I Wear My Sunglasses At Night

Mama always told me not to look into the sights of the sun. Oh but mama that's where the fun is. — Bruce Springsteen, Blinded by the Light.

"His job is simultaneously so obscure that most people have never heard of it and so important that virtually every sector of the economy depends on it. His official title, one shared by no more than a few dozen Americans, is space-weather forecaster. Ever since leaving the Air Force, Tegnell has worked for the National Oceanic and Atmospheric Administration's Space Weather Prediction Center, in Boulder, Colorado: ten hours a day, forty hours a week, three decades spent staring at real-time images of the sun." Kathryn Schulz in The New Yorker: What a Major Solar Storm Could Do to Our Planet. "Disturbances on the sun may have the potential to devastate our power grid and communication systems. When the next big storm arrives, will we be prepared for it?"


Extra, Extra

Commitment Issues: It looks like Israel and Hamas are closer to a ceasefire agreement. Unless you ask Israel or Hamas. Israel and Hamas distance themselves from Biden's optimism on Gaza ceasefire deal. It makes political sense that Biden is in a hurry to get a deal done. The Middle East crisis has made its way to Michigan. On primary day, young Michigan voters are leading call to be 'uncommitted' to Biden.

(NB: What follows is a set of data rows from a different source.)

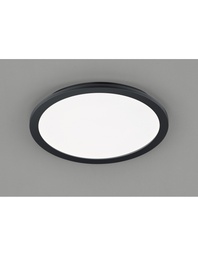 [S-TRIOR62922432] Plafoniera Rotonda LED Dimmerabile Nero Ø40 cm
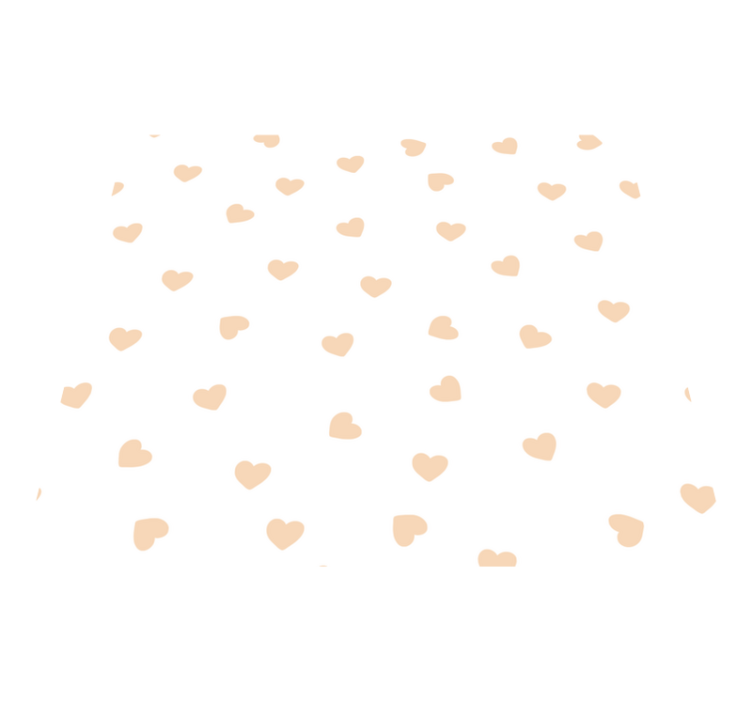 Vinylový koberec do ložnice malá srdíčka - TenStickers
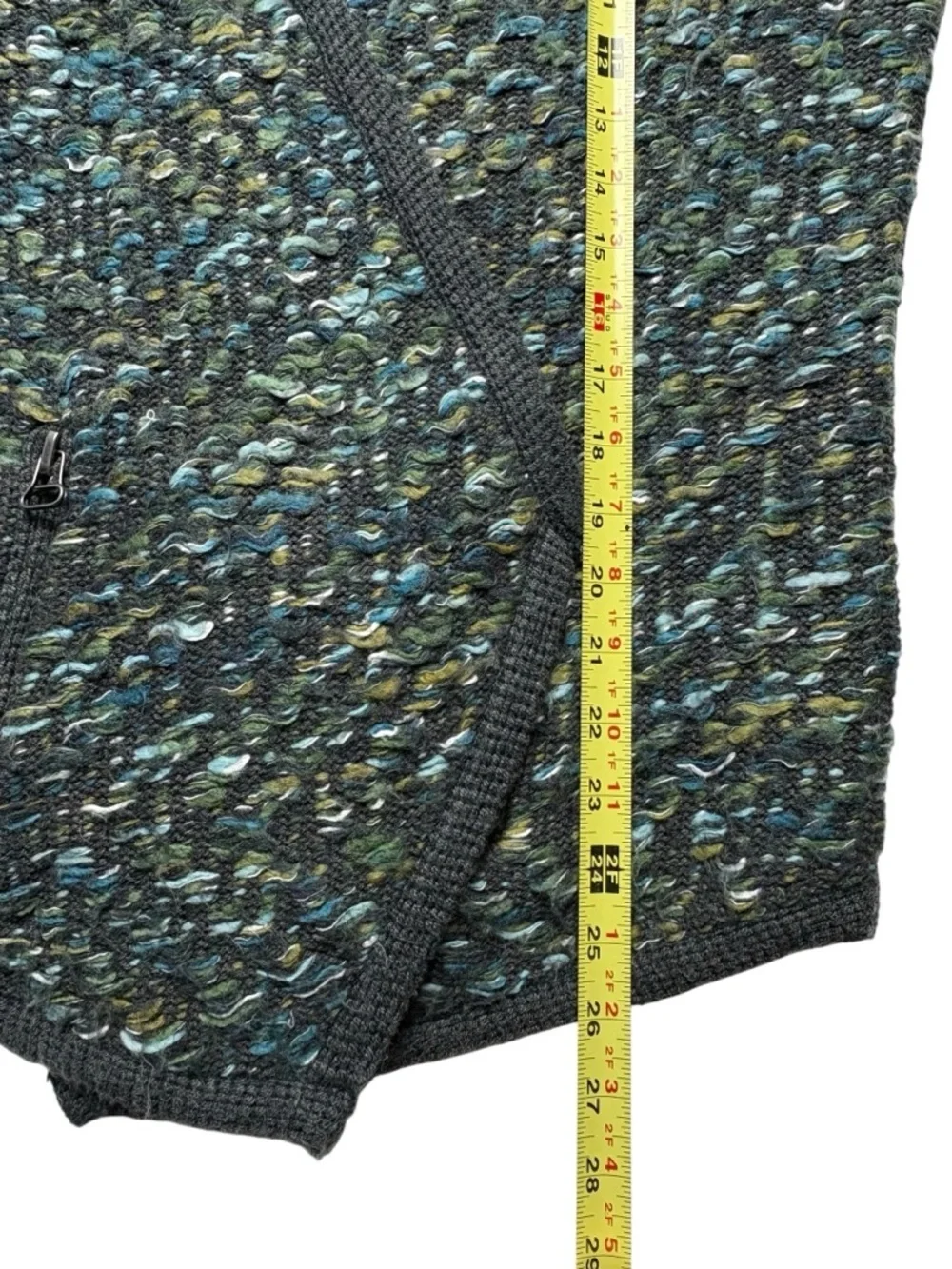 Anthropologie Moth Keavy Jacquard Open Cardigan Chunky Knit Cocoon Size M *Read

+ Sinwar Zone: "The Israeli military is confident that Hamas leader Yehiya Sinwar, the alleged architect of the Oct. 7 attacks, is hiding inside a labyrinthine network of tunnels beneath southern Gaza. But he is surrounded by a human shield of hostages intended to deter an operation to capture or kill him, frustrating Israel's efforts to dismantle the terrorist organization and bring the more than four-month-long war to a close." WaPo (Gift Article): Hamas leader hiding in Gaza, but killing him risks hostages, officials say.

+ Smog Checkmate: Rest of World equipped gig riders across South Asia with pollution monitors. The readings were off the charts.

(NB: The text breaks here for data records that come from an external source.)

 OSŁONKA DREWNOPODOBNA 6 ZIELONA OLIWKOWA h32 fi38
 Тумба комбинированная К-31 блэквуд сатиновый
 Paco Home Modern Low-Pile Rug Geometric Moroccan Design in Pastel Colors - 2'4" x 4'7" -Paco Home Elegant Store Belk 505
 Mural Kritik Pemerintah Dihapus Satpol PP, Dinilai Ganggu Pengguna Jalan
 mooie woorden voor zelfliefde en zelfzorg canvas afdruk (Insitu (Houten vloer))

+ Navalny Deal: "Five sources told NBC News that a deal to free Navalny was in the works, although the swap was not thought to be imminent when Navalny's death was announced on Feb. 16. Two of those sources, who were not authorized to speak publicly, said the mooted deal would have included reporter Evan Gershkovich and former Marine Paul Whelan." A deal to free Navalny was in the works, and allies say his death was no coincidence.

+ Rotten to the Core: "It's amazing in a bad sense what a catastrophic failure this was, ... Largely, the food supply regulatory system is based on an honor system." Lead-tainted applesauce pouches sailed through gaps in US food safety system.

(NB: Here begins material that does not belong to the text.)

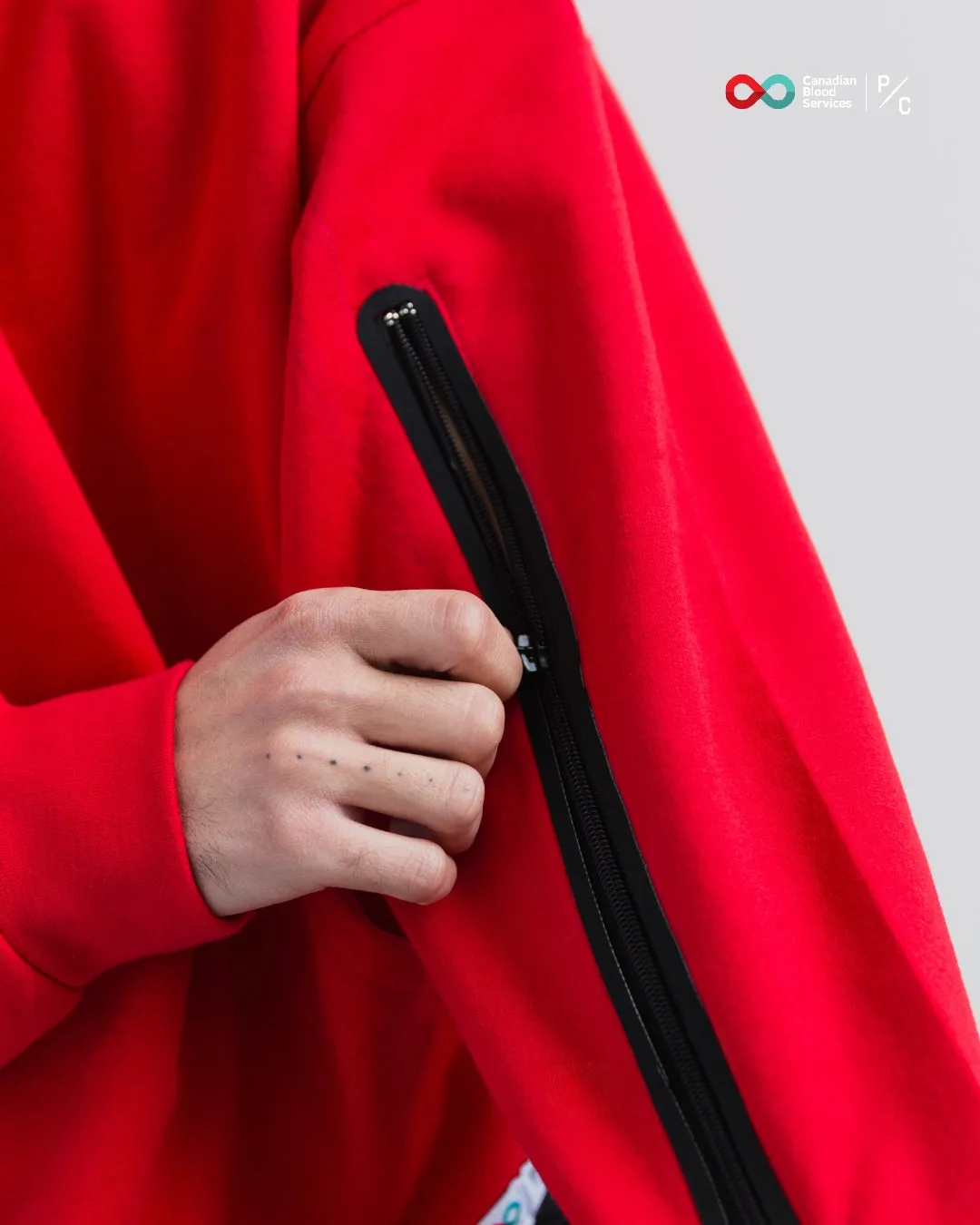 P/C x Canadian Blood Services Hoodie - Rich Red sold by Peace-Collective product image thumbnail 2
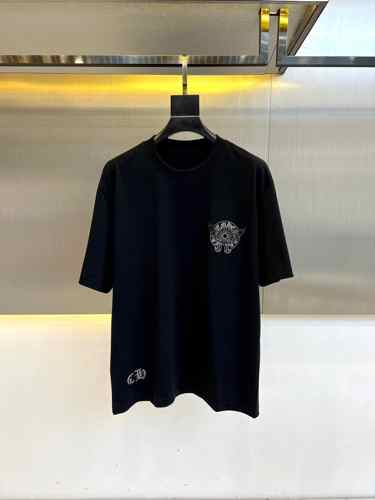 シンプル プリント ゆったり 半袖Tシャツ クロムハーツ Tシャツ コピー コットン ホワイト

+ King Hut: "'Is this great or what?' Young said, soundly weakly enthusiastic. 'I mean, I haven't thrown six touchdowns passes in a game in my life. Then I throw six in the Super Bowl!' Just then, someone in the crowd yelled, 'Joe Who?!' 'No!' Young said firmly. 'Don't do that!'" Peter King has been a constant in NFL reporting over the decades as America's official Monday Morning Quarterback. He's putting down his keyboard and he shares some thoughts on the way out. (He's not that old, he'll be around I think.) It's Time. Who's Complaining? Not Me.


Bottom of the News

"Just days earlier, after the last truckload of the 2016 harvest had been delivered, Underwood and Tran had sat together and mapped out the 2017 growing season, and what Tran would pay in advance for the tens of millions of pounds of peppers Underwood promised him. As usual, the agreement was verbal, sealed with a nod and a handshake, not contracts or lawyers. Then, on Nov. 10, at his vacation rental on Kauai, Underwood got a call with news that he could barely take in." What really caused the sriracha shortage? 2 friends and the epic breakup that left millions without their favorite hot sauce.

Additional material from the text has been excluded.